Although cure rates are high, the morbidity of radical operation for carcinoma of the vulva is substantial. Between 1983–1989, member institutions of the Gynecologic Oncology Group entered 155 patients in a prospective evaluation of modified radical hemivulvectomy and ipsilateral inguinal lymphadenectomy for clinical stage I vulvar cancer. Only patients with neoplastic thickness of 5 mm or less, without vascular space invasion, and negative inguinal lymph nodes were eligible for this study. There have been 19 recurrences and seven deaths from disease among the 121 eligible and evaluable patients. Patients whose disease recurred on the vulva were frequently (eight of ten patients) salvaged by further operation. Five of the seven deaths due to cancer occurred among patients whose first recurrence was in the groin. Acute and long-term morbidity as well as hospital stay were each less than in the Group's previous experience in a comparable patient population treated with radical vulvectomy and bilateral inguinal-femoral lymphadenectomy.
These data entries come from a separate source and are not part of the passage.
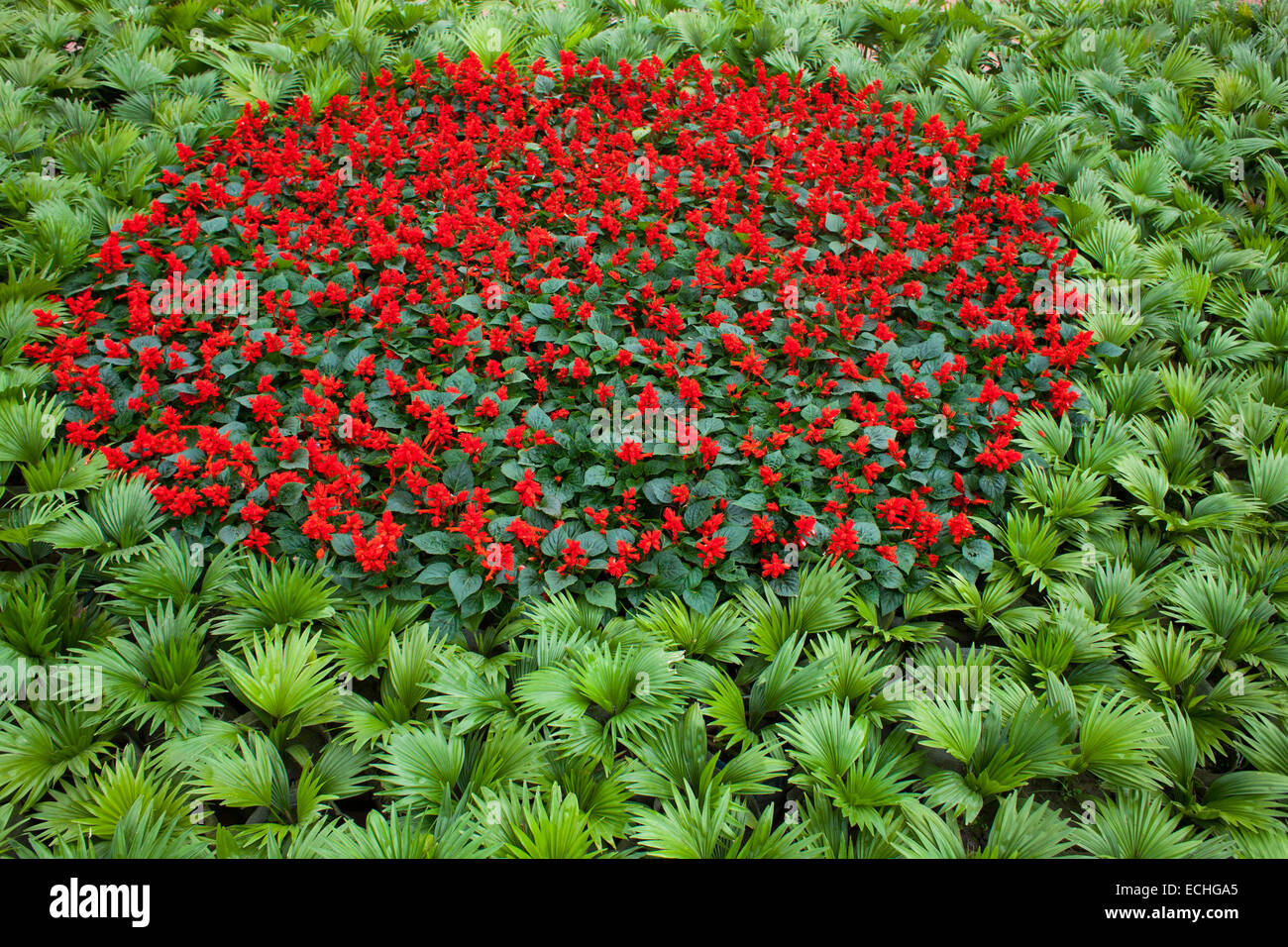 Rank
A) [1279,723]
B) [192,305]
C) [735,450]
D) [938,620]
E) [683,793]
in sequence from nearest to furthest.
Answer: [683,793]
[1279,723]
[938,620]
[735,450]
[192,305]

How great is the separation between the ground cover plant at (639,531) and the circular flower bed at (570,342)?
0.11ft

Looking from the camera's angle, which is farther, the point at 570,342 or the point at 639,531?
the point at 570,342

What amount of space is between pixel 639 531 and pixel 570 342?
3.45 ft

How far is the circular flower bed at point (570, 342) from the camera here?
3.00 m

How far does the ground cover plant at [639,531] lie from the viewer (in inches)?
92.3

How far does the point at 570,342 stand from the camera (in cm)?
362

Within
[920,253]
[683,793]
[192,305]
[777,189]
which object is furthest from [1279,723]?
[192,305]

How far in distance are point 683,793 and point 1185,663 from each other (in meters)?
1.84

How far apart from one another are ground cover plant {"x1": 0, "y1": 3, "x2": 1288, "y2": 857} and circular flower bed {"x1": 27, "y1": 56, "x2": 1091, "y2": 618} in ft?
0.11

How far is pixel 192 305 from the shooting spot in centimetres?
368

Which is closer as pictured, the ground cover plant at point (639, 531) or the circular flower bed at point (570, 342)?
the ground cover plant at point (639, 531)

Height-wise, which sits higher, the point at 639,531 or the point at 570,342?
the point at 570,342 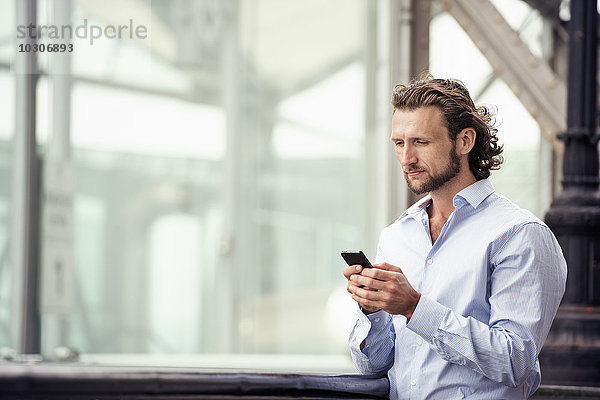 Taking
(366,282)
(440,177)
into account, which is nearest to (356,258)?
(366,282)

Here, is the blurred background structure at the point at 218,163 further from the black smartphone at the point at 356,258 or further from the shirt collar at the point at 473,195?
the black smartphone at the point at 356,258

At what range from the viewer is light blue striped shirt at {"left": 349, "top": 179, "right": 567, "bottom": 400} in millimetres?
1943

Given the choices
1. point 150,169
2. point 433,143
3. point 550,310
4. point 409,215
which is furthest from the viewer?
point 150,169

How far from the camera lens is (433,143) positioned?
2.15 meters

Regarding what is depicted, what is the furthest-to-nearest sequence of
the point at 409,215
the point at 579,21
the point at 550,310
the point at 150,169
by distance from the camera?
the point at 150,169 → the point at 579,21 → the point at 409,215 → the point at 550,310

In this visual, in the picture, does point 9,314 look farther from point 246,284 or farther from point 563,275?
point 563,275

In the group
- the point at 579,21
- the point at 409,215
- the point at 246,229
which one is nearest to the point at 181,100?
the point at 246,229

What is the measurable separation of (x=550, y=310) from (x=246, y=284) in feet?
15.4

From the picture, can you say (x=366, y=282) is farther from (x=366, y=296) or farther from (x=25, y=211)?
(x=25, y=211)

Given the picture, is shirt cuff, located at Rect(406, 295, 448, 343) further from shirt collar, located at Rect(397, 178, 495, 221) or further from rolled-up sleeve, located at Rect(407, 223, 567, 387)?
shirt collar, located at Rect(397, 178, 495, 221)

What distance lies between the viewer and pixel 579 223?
355cm

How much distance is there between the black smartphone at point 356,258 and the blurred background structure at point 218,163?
12.9 ft

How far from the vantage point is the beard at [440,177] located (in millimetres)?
2164

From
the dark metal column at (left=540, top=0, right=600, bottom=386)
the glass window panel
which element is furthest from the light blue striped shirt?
the glass window panel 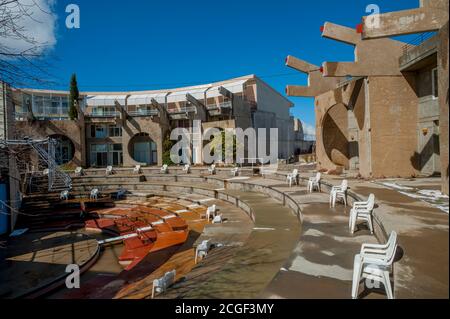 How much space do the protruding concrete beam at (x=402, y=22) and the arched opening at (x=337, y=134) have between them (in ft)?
30.8

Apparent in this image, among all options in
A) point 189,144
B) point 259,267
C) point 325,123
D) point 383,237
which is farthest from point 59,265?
point 189,144

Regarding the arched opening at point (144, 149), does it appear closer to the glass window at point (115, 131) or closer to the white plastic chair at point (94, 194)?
the glass window at point (115, 131)

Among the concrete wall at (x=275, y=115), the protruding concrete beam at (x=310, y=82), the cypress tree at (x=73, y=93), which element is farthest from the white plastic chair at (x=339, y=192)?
the cypress tree at (x=73, y=93)

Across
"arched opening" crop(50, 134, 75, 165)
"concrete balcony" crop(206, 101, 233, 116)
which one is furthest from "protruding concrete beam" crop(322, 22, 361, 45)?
"arched opening" crop(50, 134, 75, 165)

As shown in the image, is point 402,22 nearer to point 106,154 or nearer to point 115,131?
point 115,131

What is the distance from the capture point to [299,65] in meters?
15.9

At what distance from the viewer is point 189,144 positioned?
31.0 m

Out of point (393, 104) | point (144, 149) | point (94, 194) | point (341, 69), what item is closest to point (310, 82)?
point (341, 69)

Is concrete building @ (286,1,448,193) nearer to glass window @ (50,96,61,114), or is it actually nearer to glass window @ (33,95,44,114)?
glass window @ (33,95,44,114)

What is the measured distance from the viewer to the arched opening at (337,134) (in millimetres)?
17094

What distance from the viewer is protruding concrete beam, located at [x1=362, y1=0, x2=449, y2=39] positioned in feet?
24.3

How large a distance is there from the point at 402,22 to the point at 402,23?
32mm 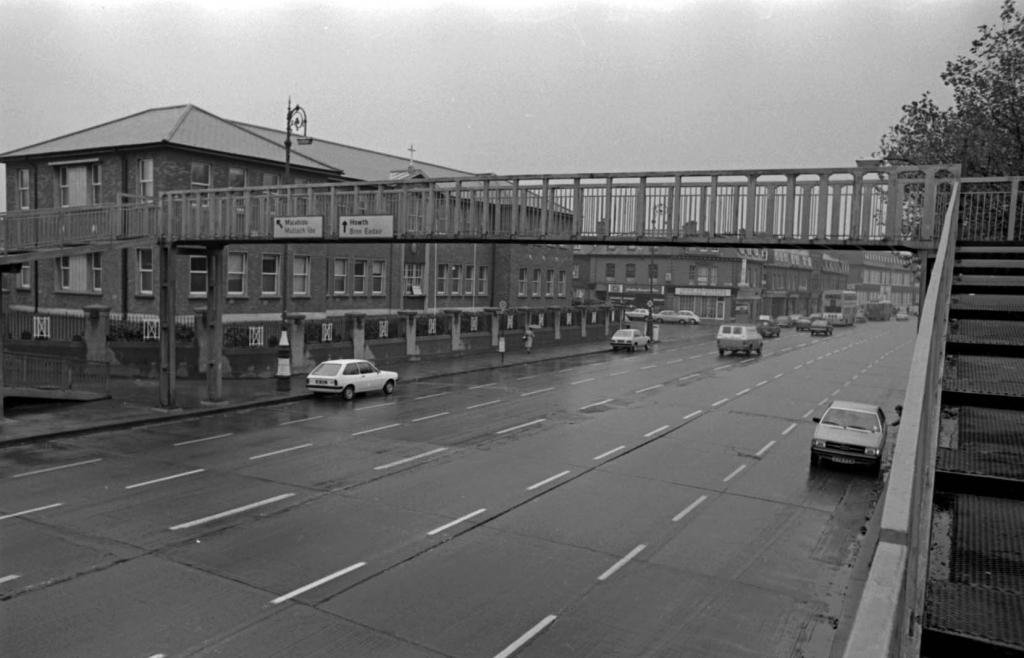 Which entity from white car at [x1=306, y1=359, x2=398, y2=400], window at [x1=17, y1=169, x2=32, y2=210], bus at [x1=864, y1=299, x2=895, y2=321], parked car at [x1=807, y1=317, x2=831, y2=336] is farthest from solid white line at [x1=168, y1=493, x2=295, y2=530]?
bus at [x1=864, y1=299, x2=895, y2=321]

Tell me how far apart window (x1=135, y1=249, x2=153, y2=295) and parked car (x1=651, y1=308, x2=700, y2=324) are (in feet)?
200

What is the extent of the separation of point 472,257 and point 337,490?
42186 mm

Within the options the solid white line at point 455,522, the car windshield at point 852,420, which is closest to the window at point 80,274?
the solid white line at point 455,522

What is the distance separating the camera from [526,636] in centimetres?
896

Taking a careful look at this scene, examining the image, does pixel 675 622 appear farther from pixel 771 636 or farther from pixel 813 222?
pixel 813 222

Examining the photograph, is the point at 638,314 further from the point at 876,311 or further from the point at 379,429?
the point at 379,429

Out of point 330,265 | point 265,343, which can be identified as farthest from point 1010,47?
point 330,265

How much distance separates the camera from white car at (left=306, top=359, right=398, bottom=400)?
28.1 metres

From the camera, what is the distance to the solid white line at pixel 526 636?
8547 millimetres

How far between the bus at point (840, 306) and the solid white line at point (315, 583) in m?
87.0

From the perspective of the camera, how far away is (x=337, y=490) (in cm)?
1525

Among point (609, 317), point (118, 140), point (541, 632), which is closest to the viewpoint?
point (541, 632)

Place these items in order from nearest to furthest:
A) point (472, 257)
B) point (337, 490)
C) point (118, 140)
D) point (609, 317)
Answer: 1. point (337, 490)
2. point (118, 140)
3. point (472, 257)
4. point (609, 317)

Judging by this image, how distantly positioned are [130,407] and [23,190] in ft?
78.9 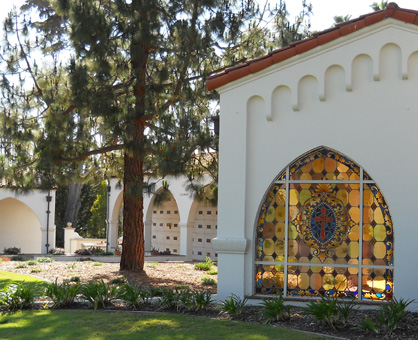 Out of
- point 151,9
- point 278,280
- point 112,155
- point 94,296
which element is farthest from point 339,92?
point 112,155

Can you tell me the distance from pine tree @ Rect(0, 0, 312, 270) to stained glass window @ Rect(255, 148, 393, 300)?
371 centimetres

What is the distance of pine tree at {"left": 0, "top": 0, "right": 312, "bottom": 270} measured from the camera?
1330 centimetres

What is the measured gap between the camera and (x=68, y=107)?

There was a significantly increased risk of recurrence but not death when compared with these same historic controls. Modified radical hemivulvectomy and ipsilateral inguinal lymphadenectomy is an alternative to traditional radical operation for these selected patients with stage I carcinoma of the vulva. The number of patients who experienced recurrence in the operated groin is of concern and may be attributable to the decision to leave the femoral nodes intact.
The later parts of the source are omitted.